> _INFORMATION SHOWN_:

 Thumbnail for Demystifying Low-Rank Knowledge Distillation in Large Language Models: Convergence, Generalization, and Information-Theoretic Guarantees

==

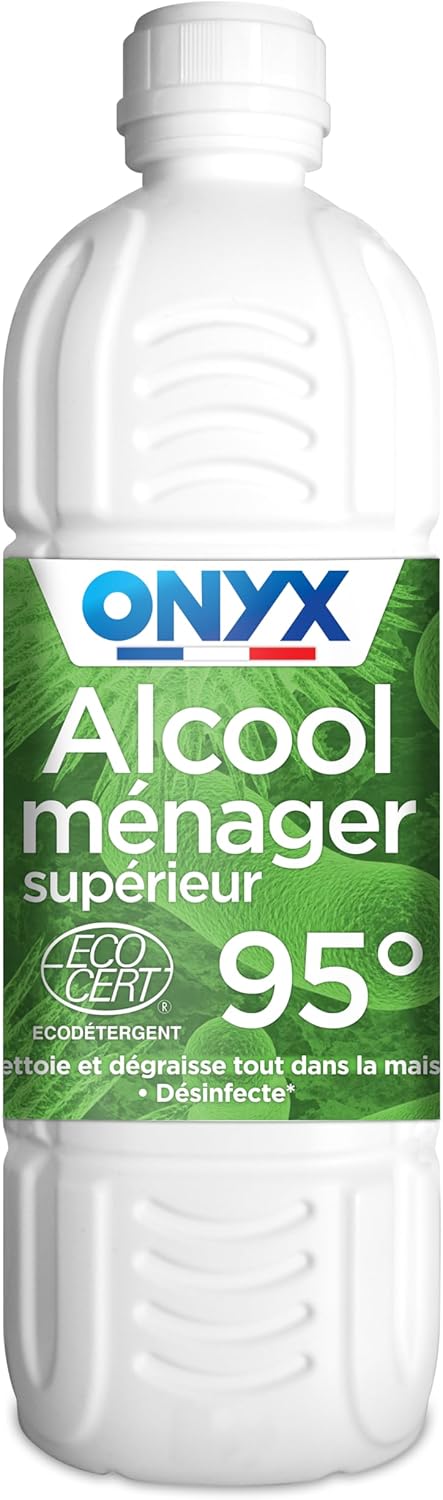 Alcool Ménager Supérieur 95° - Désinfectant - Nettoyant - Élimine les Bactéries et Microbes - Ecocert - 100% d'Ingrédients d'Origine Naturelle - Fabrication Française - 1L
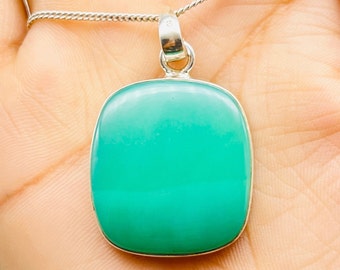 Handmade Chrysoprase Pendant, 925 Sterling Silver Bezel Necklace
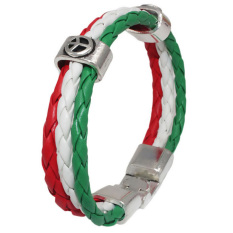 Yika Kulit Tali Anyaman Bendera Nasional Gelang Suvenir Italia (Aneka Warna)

> _EXERCISE BRIEF_: Copy only what runs above from the line containing "Alcool Ménager Supérieur" through the line containing "Yika Kulit Tali", exactly. Leave out the pictures.

> _PROBLEM SOLUTION_:
 Alcool Ménager Supérieur 95° - Désinfectant - Nettoyant - Élimine les Bactéries et Microbes - Ecocert - 100% d'Ingrédients d'Origine Naturelle - Fabrication Française - 1L
 Handmade Chrysoprase Pendant, 925 Sterling Silver Bezel Necklace
 Yika Kulit Tali Anyaman Bendera Nasional Gelang Suvenir Italia (Aneka Warna)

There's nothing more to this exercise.